Behind the scenes of Hootsuite Inbox

Inbox is one of the latest product offerings at Hootsuite, with the goal of offering customers a new way to interact and engage with their clients across multiple social networks in one centralized view. Since launching in August 2018, Inbox has grown to support engagement across multiple channels such as Twitter direct messages, Facebook private messages and LinkedIn page posts.

A notable feature of Inbox is that it enables teams to collaborate in real-time to triage and respond to customer messages. Two users on the same team will have a synchronized view of Inbox, where actions one user takes will be reflected on both user’s interfaces.
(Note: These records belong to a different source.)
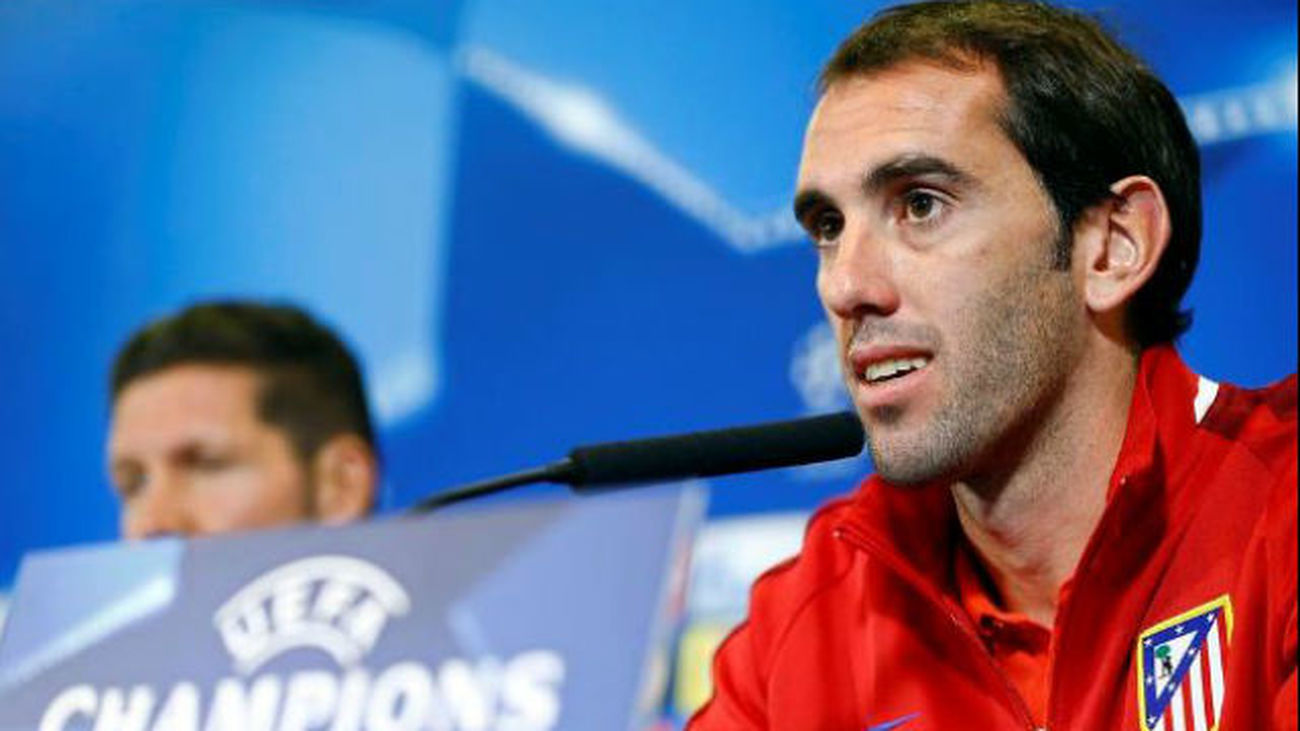 Godín: "Tenemos que respetar al Benfica"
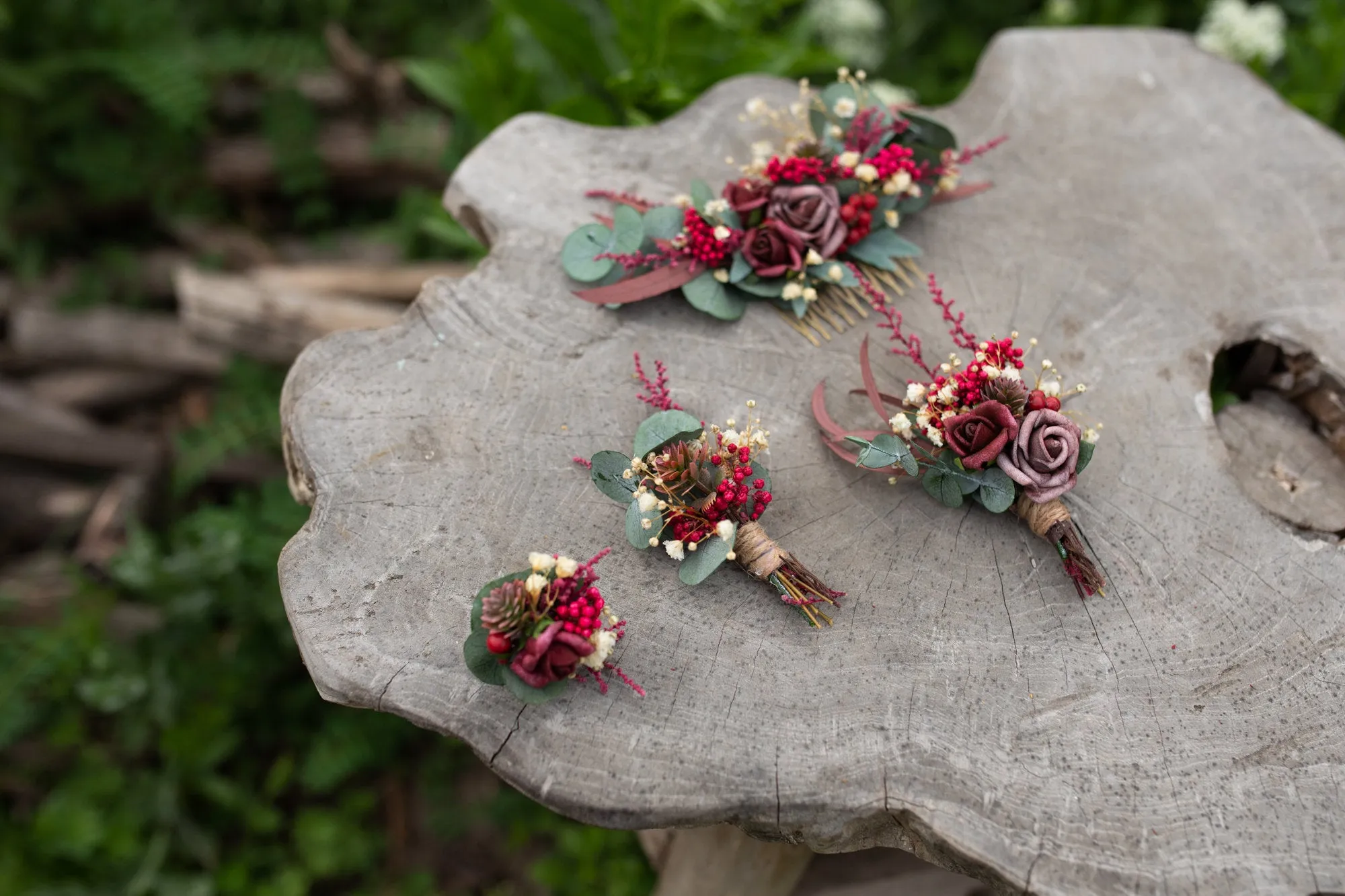 Romantic burgundy flower ring Bridal ring with baby's breath Ring with red wine rose Adjustable ring Nickel free Magaela accessories Wedding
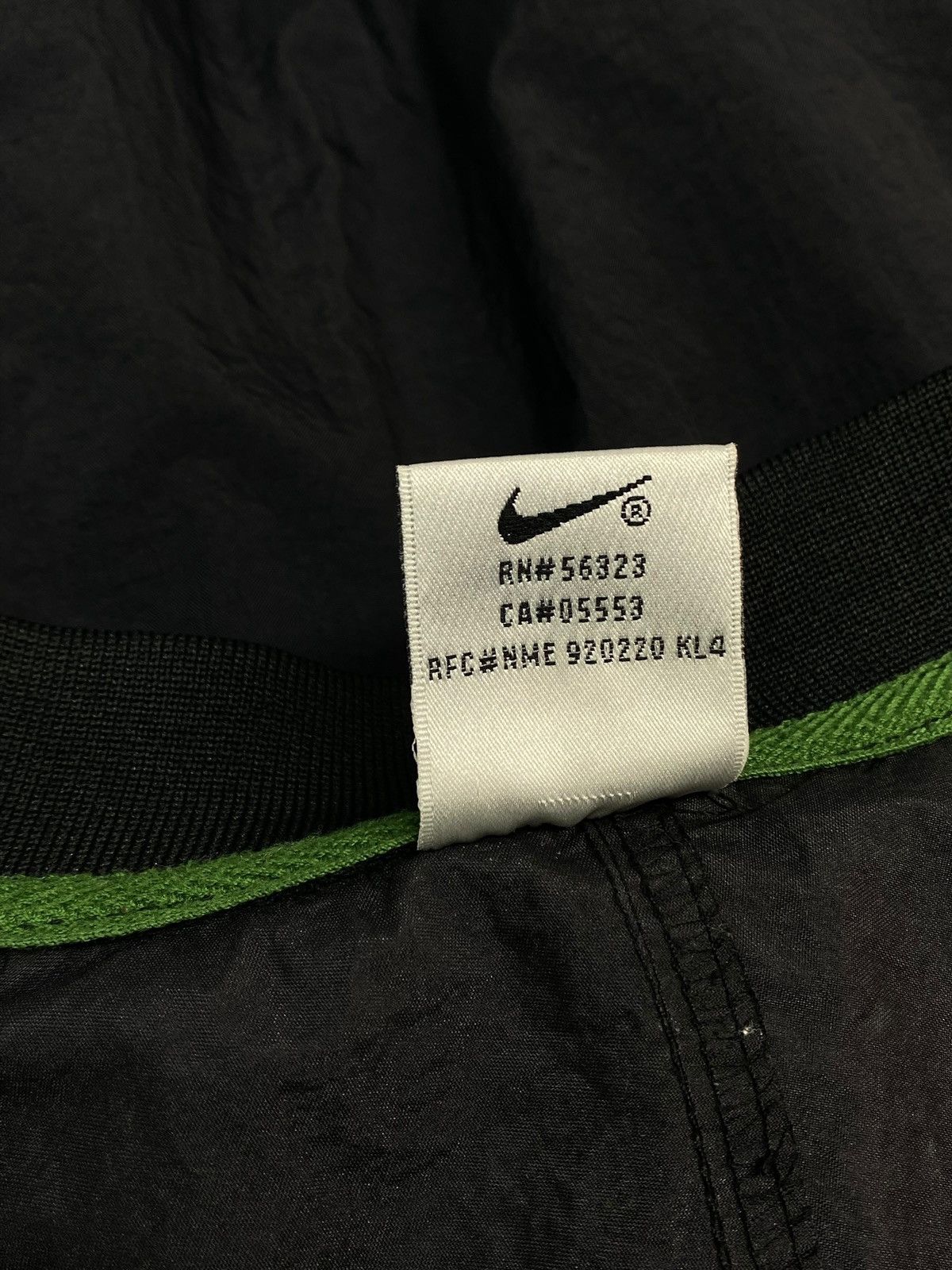 Nike Vintage 90s Nike Center Swoosh Pullover Windbreaker Jacket Size US L / EU 52-54 / 3 - 16 Thumbnail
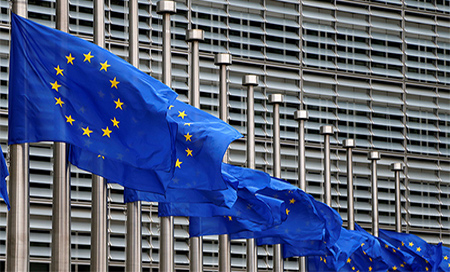 Bandera de la UE La Unión Europea amplia las sanciones contra Rusia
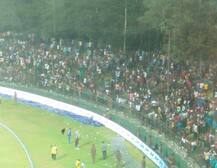 तिसऱ्या वनडेत प्रेक्षकांचा गोंधळ, खेळ थांबवण्याची नामुष्की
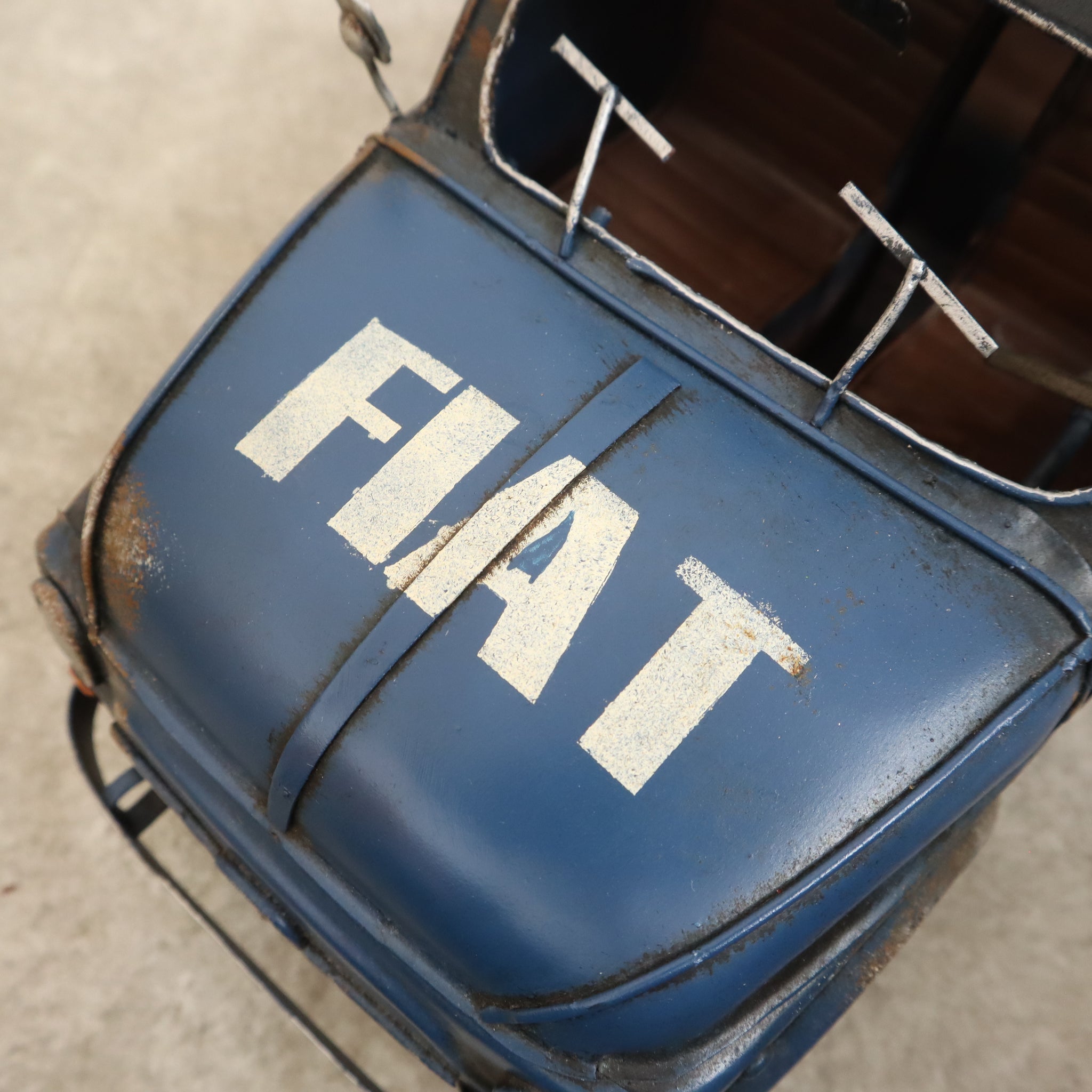 ブリキのクラシックカー（FIAT500） – バナルオンラインショップ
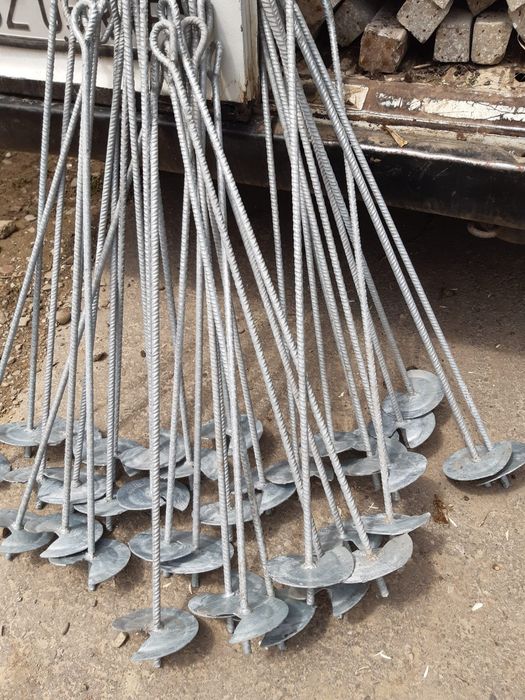 Stalpi si plasa  pentru gard ,vie,zmeură e.t.c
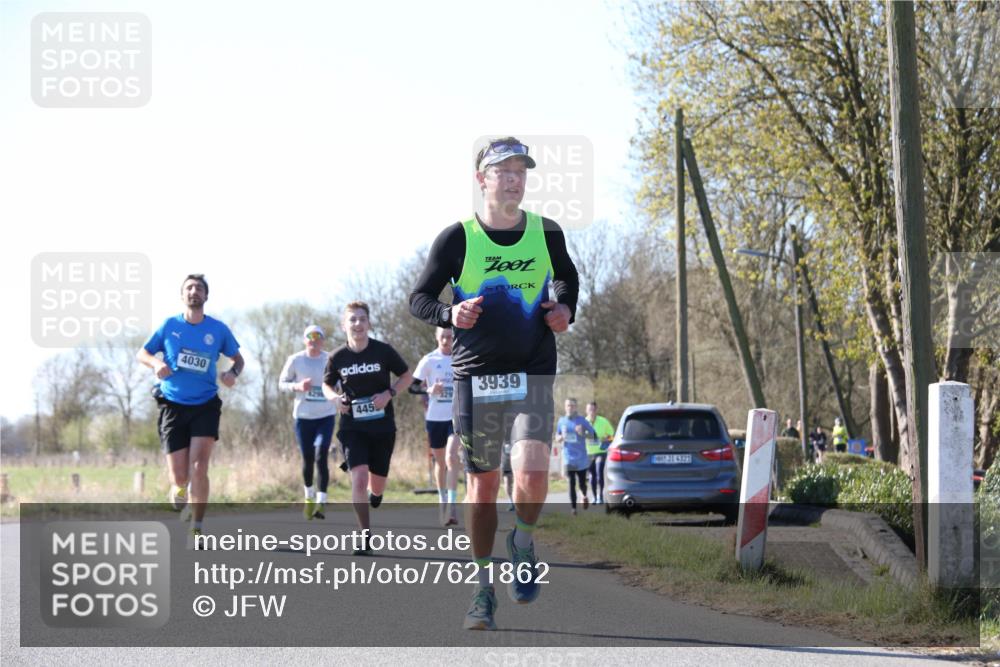 06.04.2025 - 44. Internationalen Wilhelmsburger Insellauf Jannik Wohlers http://msf.ph/oto/7621862 06.04.2025 10:15:42 Laufen 4030, 445, 3939, 31, 4321 meine-sportfotos.de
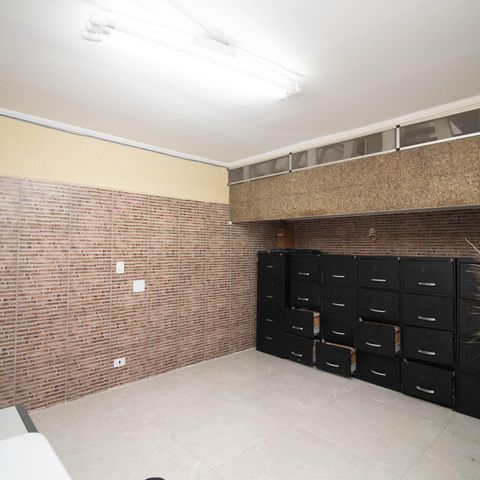 Casa à venda com 539m², 4 quartos e 4 vagas Casa à venda com 539m², 4 quartos e 4 vagasEscritório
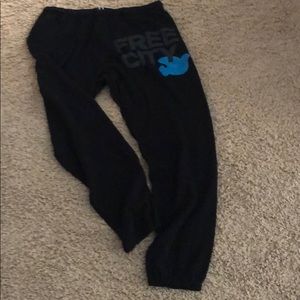 New FREECITY sweats - Black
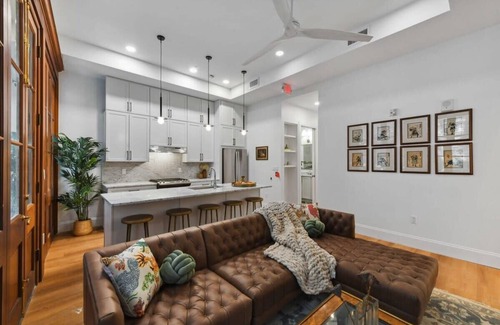 Central Business District Hotel | Renovated CBD Units Near French Quarter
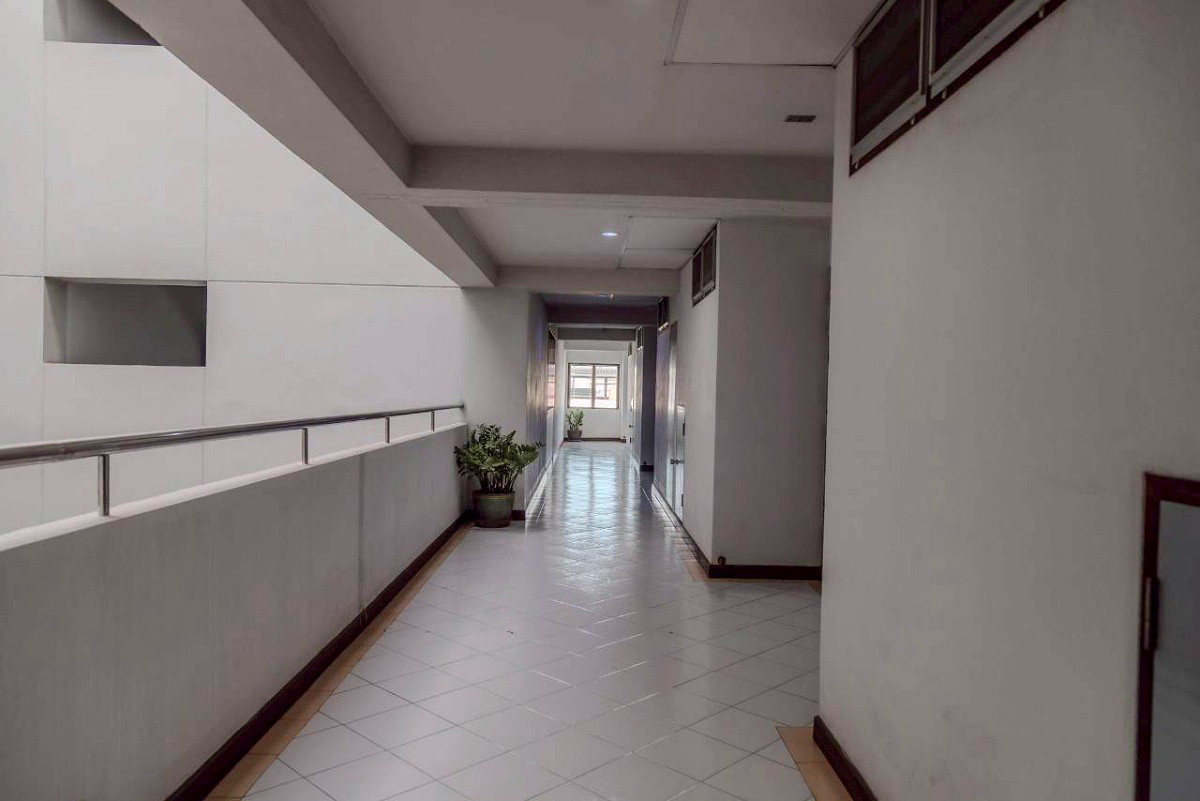 Pictures of Bann Krit 12/12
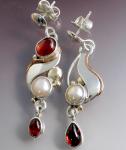Garnet/Pearl asymmetrical earrings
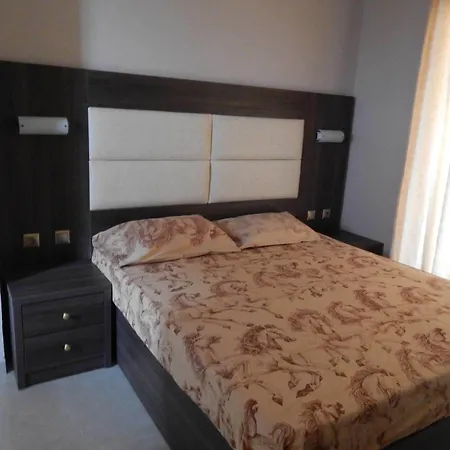 Lyristis Dinos & 3* ファリラキ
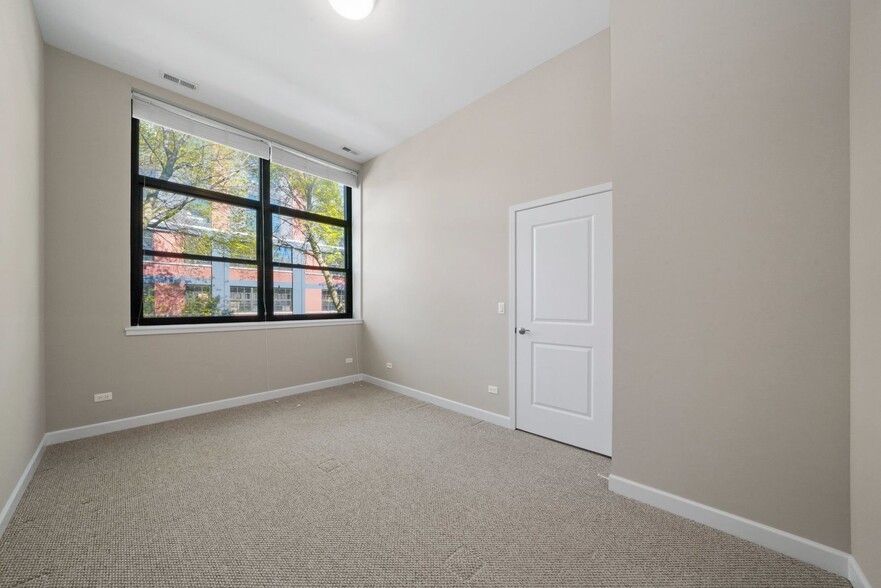 Building Photo - 2200 W Lawrence Ave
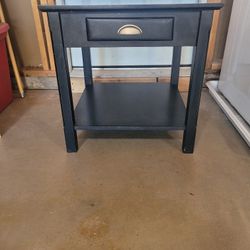 Wood End Table With Drawer 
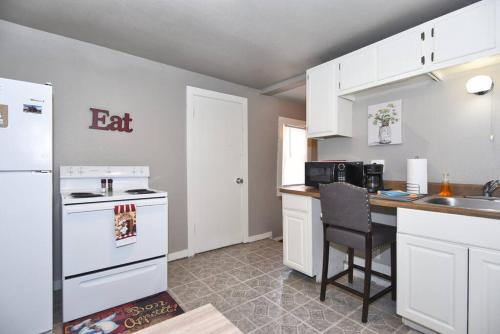 CHERRY ST LITTLE LOVE HOUSE* SHOP*DINE* RT 66*EXPO CENTER*BOK*DOWNTOWN in Swan Lake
In order to support this real-time functionality, the code that powers the Inbox UI has evolved to be somewhat unique compared to other products at Hootsuite. I’d like to share with you some insights into how the architecture of Inbox evolved as well as an overview of how it works today.

A short history of Inbox

The majority of Hootsuite front-end products up until Inbox were based on a traditional request-response model. Clients would query for information from REST APIs, and would often have to do significant work to “massage” this data into formats that made sense for their user interfaces. This often meant that clients would have a great deal of responsibility in how they handled and persisted data, which led to growing complexity and bleeding of business logic into our user interface code.

With Inbox, there was a desire to implement an application-centric API between the clients and back-end services. This application API would offer up data in a format that the clients could render as-is without transformations.

High level service diagram for application API

One of the early ideas was offering support for client defined JSON schemas. Instead of the service defining the form of the data, a client would define the schema of the response it expected, which a server would need to conform to in the structure of its responses.

The assumption of client defined schemas drove some of the early development of the Inbox web and mobile clients. Unfortunately, when it came time to implement the application API, there was significant debate over whether or not supporting client defined schemas was feasible given the development resources that were available at the time. In addition, only the web client schema was near completion, with both mobile clients lagging behind.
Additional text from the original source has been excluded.